The Armed Forces of the Philippines (AFP) on Tuesday said the report on a United States plan to deploy missiles to the Philippines in case of an emergency in Taiwan came from “unverified sources.”
“We’ve seen the article and if you read it closely, it states therein that there are still unverified sources in terms of the details that were given,” AFP spokesperson Colonel Francel Margareth Padilla said in a press briefing.
“So with that, we respectfully defer that question to the proper sources of information for them to clarify,” she added.
Citing a report of Kyodo News Agency, Reuters reported that Japan and the US aim to compile a joint military plan for a possible Taiwan emergency that includes deploying missiles to the Philippines.
The supposed plan, expected to be implemented in December, includes the deployment of US missile units to the Nansei Islands of Japan’s southwestern Kagoshima and Okinawa prefectures, and to the Philippines.
A US unit dealing with space, cyberspace and electromagnetic waves will be stationed in the Philippines, the report said.
However, the report cited unnamed US and Japanese sources.
PH as own plans
Philippine Navy spokesperson for West Philippine Sea Rear Admiral Roy Vincent Trinidad said Manila has its own contingency plans for a possible Taiwan emergency.
“That particular article mentioned the contingency planning of the US and Japan in the event of escalation in the Taiwan Strait and mentioned in that contingency plan between the US and Japan is the deployment of missile systems of the US in some of the island chains of Japan and the Philippines,” Trinidad said.
“That is from the perspective of the Japan-US alliance.

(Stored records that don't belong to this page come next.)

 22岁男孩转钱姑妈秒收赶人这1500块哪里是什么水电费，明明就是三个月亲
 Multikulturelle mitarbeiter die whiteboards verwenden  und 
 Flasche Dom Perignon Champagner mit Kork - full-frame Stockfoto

The AFP has its own contingency plans and our forces will be deployed appropriately. Our engagements with other countries are all part of the contingency plans of the AFP,” he added.

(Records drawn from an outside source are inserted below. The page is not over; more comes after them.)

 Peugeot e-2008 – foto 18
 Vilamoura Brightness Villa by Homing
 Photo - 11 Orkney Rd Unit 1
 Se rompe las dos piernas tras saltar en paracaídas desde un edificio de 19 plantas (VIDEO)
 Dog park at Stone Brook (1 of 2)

According to him, the Philippines’ contingency plans also include coordination with allies in the region.
Trinidad confirmed that the US Army’s Typhon mid-range missile system which arrived in the Philippines in April is still deployed in the country.
Taiwan’s defense ministry said earlier this month that it had spotted 35 Chinese military aircraft, including fighters and bombers, flying to the island’s south on the way to exercises in the Pacific, Reuters reported.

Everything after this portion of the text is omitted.